Jordan watched as the open, grassy glade expanded to fill the display screen, tilted slightly, then straightened out and rushed up. The ground looked smooth, covered with green grass. The view bumped once, twice, then all motion stopped.
“She’s down,” Thornberry sighed, as if a gigantic weight had just been taken off his shoulders.
Hazzard flexed his fingers, then recited, “Log entry: oh-eight-forty-two hours, this date, spacecraft one landed on Sirius C. Fill in geographical coordinates.”
Jordan let out a gust of breath that he hadn’t realized he’d been holding. She’s down, he told himself. The craft has landed safely.
The camera atop the landing craft slowly revolved, showing a broad grassy glade surrounded by tall, straight-boled trees, darkly green. Mountains in the distance, their peaks bare rock. The glade was flat and smooth, not a rock or boulder in sight, as if the area had been specifically cleared for the rover’s touchdown. The sky above was turquoise blue, dotted with puffy white clouds.
The first view from the surface of New Earth, Jordan thought.
“Send this view to Earth right away,” he said to Hazzard.
“Won’t get there for more’n eight years,” Hazzard replied.
“Yes, but send it. Send it now.”
“Right.”
For the next three-quarters of an hour they watched as the rocketplane automatically checked all its internal systems and activated its sensors. Meek and the others filtered into the command center and watched with Jordan as the numbers scrolled along the bottom of the main display screen: atmospheric pressure, temperature, composition—all were well within the limits that had already been recorded for New Earth by the earlier robotic probes.
We can breathe that air, Jordan told himself. Then he added, If it’s not full of dangerous microbes.
“Activating rovers,” Thornberry said, in the flat, almost mechanical tone of a mission controller. The command center fell completely silent, but Jordan could sense the excitement vibrating among the onlookers. He felt it himself.
The view switched to show the shadowy interior of the rocketplane. One side swung open and down, turning into a ramp. Brilliant, glaring sunlight streamed in.

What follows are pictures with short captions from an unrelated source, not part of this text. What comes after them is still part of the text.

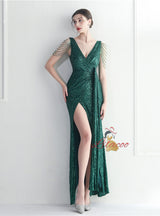 V-neck Sequins Beading Split Prom Dress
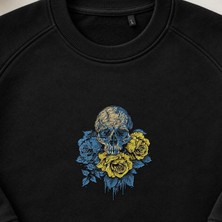 Memento Mori Gotik Nakışlı Bisiklet Yaka Sweatshirt Unisex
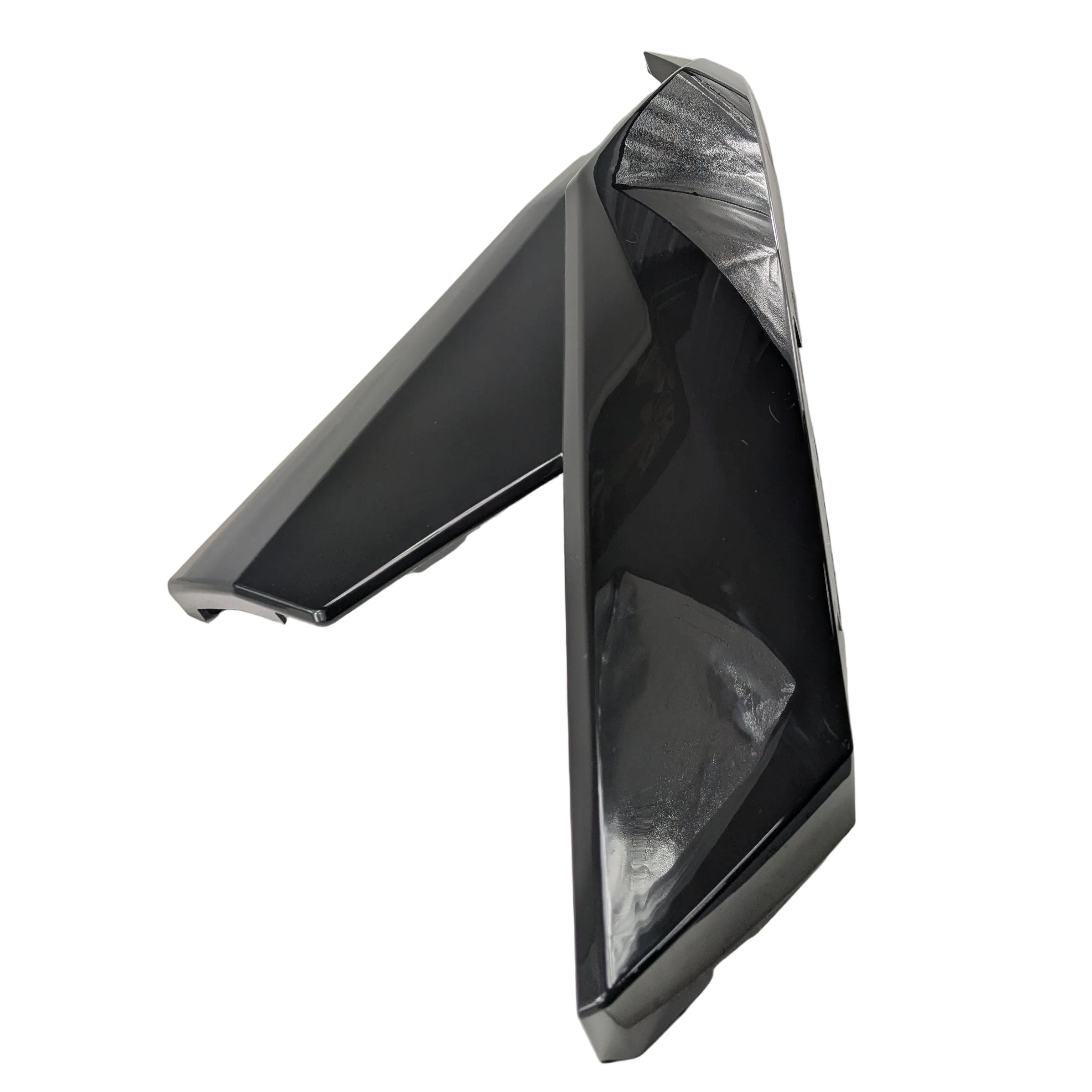 Glossy black plastic right-hand rear fender with angular design for Can-Am Maverick SXS.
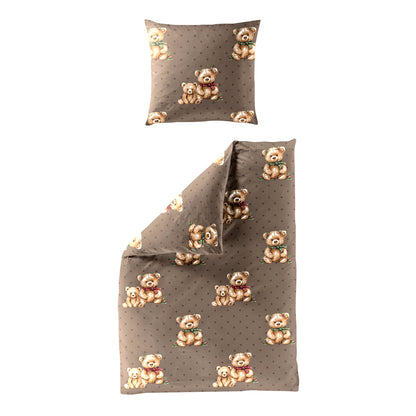 Bettwäsche Dormabell Mako Satin 4212-80 Teddybär Punkte braun 135x200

“Rovers check out,” Thornberry reported tersely. “Out you go, lads.”
His console’s main screen split to show two views, from the cameras mounted atop the two rovers. Hazzard flicked his fingers across the keyboard built into his chair’s armrests and two of the wall screens above the consoles lit up to show the view from each of the two rovers. The machines trundled down the ramps and out onto the smooth grassy ground.

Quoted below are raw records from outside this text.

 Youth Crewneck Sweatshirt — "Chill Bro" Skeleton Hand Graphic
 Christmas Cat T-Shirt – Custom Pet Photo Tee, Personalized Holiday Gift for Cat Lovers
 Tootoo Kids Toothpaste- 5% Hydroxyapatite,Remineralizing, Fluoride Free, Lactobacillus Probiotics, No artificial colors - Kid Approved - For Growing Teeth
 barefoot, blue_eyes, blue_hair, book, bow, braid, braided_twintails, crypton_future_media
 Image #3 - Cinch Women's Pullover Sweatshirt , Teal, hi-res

“Over the river and through the woods…” somebody singsonged. Brandon, Jordan thought.
“There’s no river.” Elyse’s voice, clearly.

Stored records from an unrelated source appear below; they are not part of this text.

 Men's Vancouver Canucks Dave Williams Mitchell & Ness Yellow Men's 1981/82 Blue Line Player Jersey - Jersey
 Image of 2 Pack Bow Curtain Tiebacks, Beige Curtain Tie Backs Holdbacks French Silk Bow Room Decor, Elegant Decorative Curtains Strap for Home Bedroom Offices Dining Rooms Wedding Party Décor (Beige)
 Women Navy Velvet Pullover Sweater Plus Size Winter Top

The rovers plunged into the forest, at ten kilometers per hour. Jordan watched, fascinated, as the thick-boled trees glided past. There was precious little foliage between the trees, hardly any bushes at all. The woods looked almost like a well-tended park.
“Look,” said Brandon. “There’s a little stream.”
“A babbling brook.”
“Look out for animal life,” said Meek. “The equivalent of squirrels or other arboreal forms.”
His biologist, Paul Longyear, hurried to one of the unused consoles, muttering, “The sensors should be taking bio samples of the air.”
Longyear was a young Native American with a complexion the color of dried tobacco leaf, dark hair braided halfway down his back, and deep onyx eyes.
“Can’t those pushcarts go any faster?” Brandon demanded.